| Source material |
#####

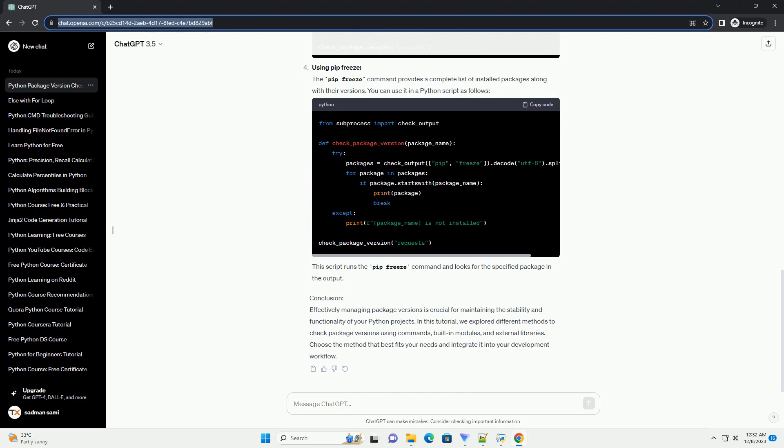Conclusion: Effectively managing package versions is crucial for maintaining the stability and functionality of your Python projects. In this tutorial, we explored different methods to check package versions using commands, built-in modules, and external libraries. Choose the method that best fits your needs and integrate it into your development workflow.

#####

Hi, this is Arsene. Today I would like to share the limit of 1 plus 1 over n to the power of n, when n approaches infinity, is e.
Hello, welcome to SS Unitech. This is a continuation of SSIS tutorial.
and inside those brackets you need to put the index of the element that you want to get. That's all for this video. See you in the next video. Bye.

#####

From the material above, retype precisely the lines between the line holding "Hello, welcome to" and the line holding "and inside those", inclusive, and nothing beyond them.

| Solution for this task |
Hello, welcome to SS Unitech. This is a continuation of SSIS tutorial.
and inside those brackets you need to put the index of the element that you want to get. That's all for this video. See you in the next video. Bye.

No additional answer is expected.